Wilfredo Barahona

Personal information
- Full name: Wilfredo Barahona Euceda
- Date of birth: 31 January 1983 (age 43)
- Place of birth: El Negrito, Honduras
- Position: Right back

Team information
- Current team: Real España

Youth career
- ????–2005: Olimpia

Senior career*
- Years: Team / Apps / (Gls)
- 2005–2006: Broncos UNAH
- 2006–2011: Olimpia
- 2011–2012: Atlético Choloma / 3 / (0)
- 2012–present: Real España

International career^{‡}
- 2006–: Honduras / 7 / (0)

= Wilfredo Barahona =

Honduran footballer (born 1983)

Wilfredo "Will" Barahona Euceda (born 31 January 1983) is a Honduran footballer who used to play as an attacking or defending right back for Liga Nacional de Honduras club Real España.

==Career==

===Olimpia===
Barahona have started playing in his football career with Olimpia. His discipline problems have made him to play in the reserves of the team several times. Even though he can get violent, nobody can deny his great skills when on the field.

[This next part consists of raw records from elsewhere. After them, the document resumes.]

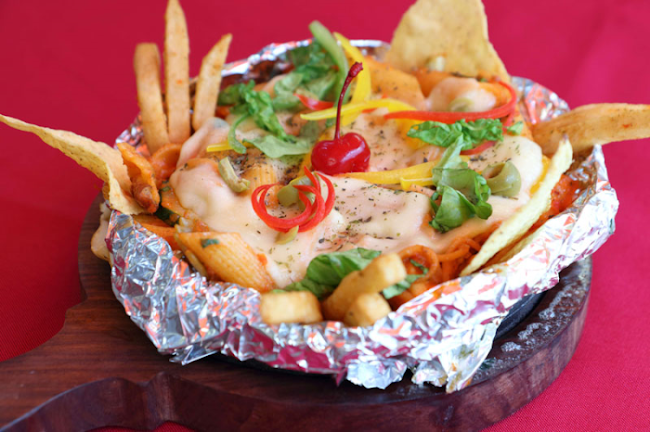 Shivam Restaurant - Indian Vegetarian Restaurant in Singapore - Singapore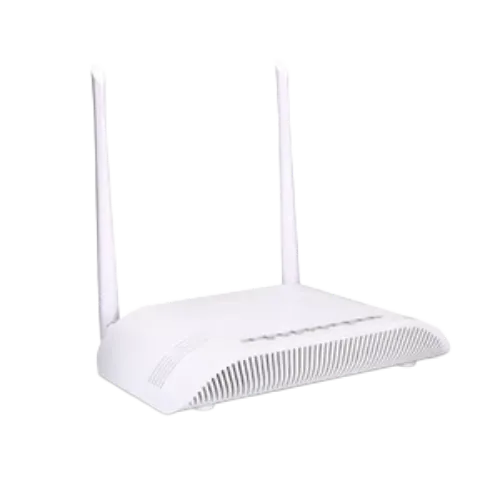 ONU XPON MODO DUAL* 1G/EPON+1GE+1FE+WIFI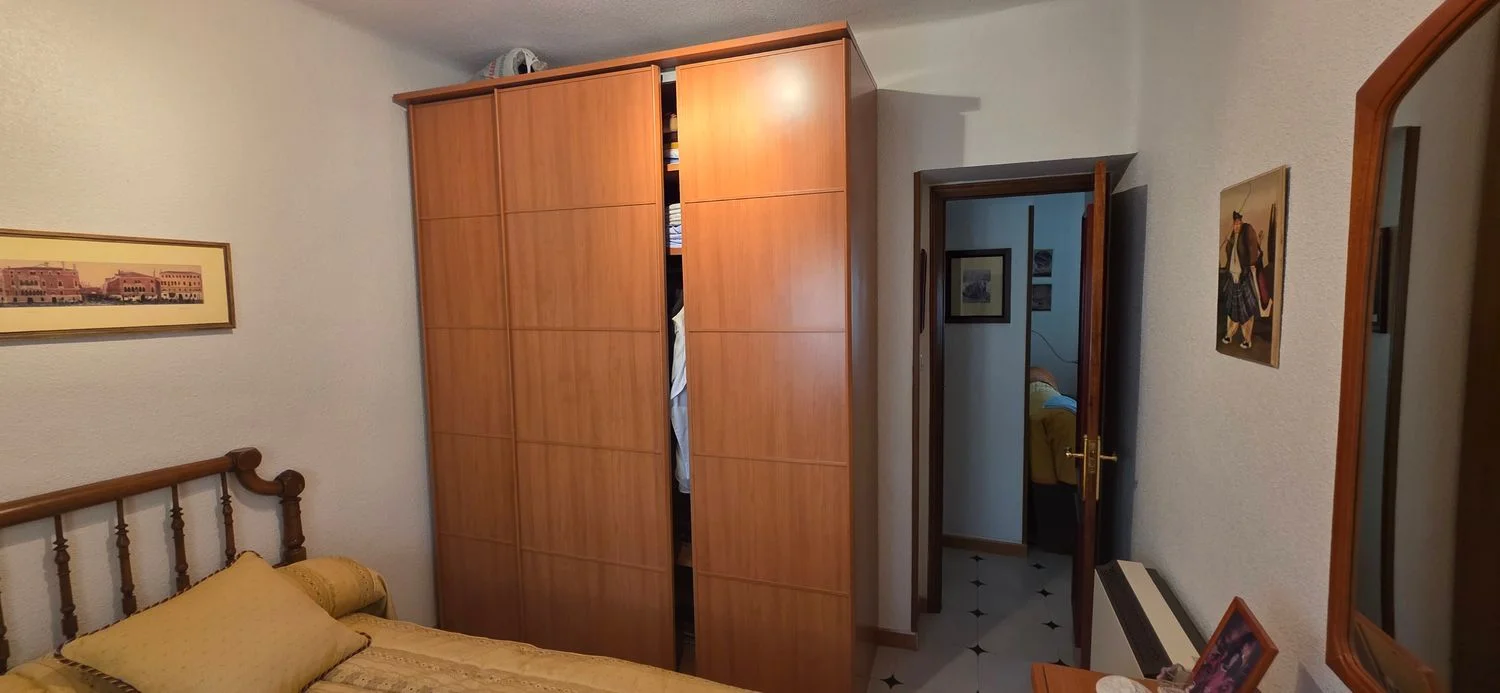 Piso en calle de los Misterios, 1 -57 - Foto 2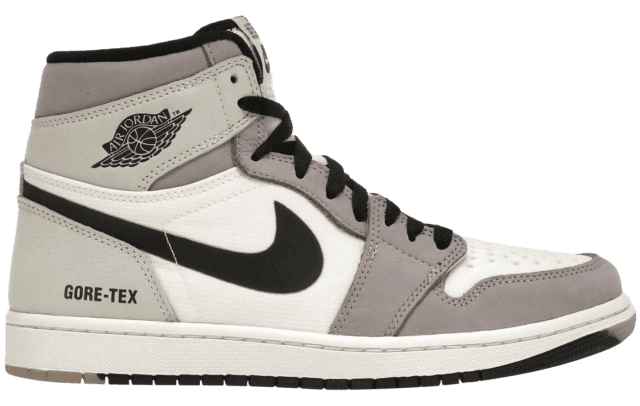 jordan 1 gore tex shoes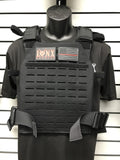 LCS SENTRY Plate Carrier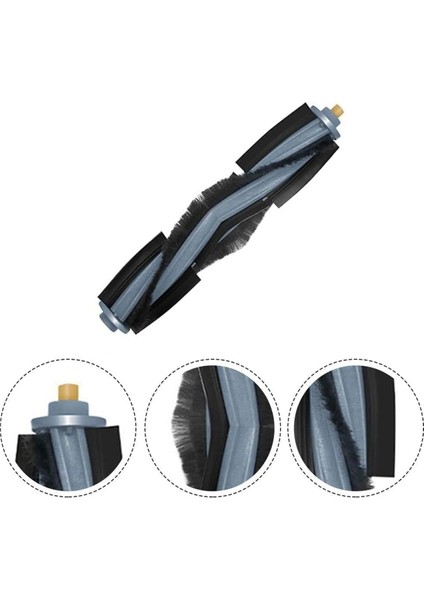 T20 Omni / Pro Max Robot Vauum Yedek Parçaları Için Aksesuar Kiti (Yurt Dışından) indirimleri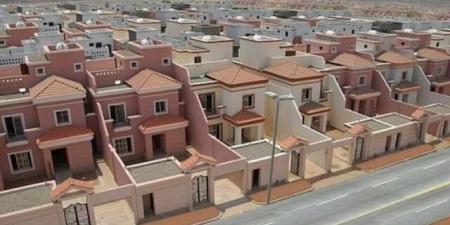 مجلس الوزراء يُقر تعديل تنظيم الدعم السكني في المملكة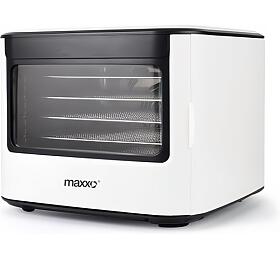 Maxxo NIR Rapid Dry
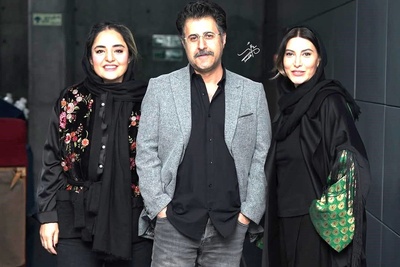 غوغای تیپ و استایل شیک بازیگران در جشنواره فیلم شهر: درخشش فریبا نادری، نرگس محمدی، علی اوجی و رضا یزدانی با استایل ماسکولین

On 30 December 2009, Barahona was involved in an incident with a referee, Levi López: in a friendly match against Hispano, when Levi López showed him a second yellow card and being sent off, he didn't like the decision and punched the referee on the upper lip. Eventually he received a 2-month game ban, which effectively make him end the first-leg of the Clausura.

===Atlético Choloma===
On 7 August 2011, Barahona made his domestic league debut against his previous team, Olimpia in a 2-0 defeat.

In August 2012, Barahona was sent off in one of his first games for new club Real España.

==International career==
Barahona made his debut for Honduras in an August 2006 friendly match against Venezuela and earned his second and final cap in a September 2006 friendly against El Salvador. He was then called up to participate in the 2014 Copa Centroamericana earning his third cap.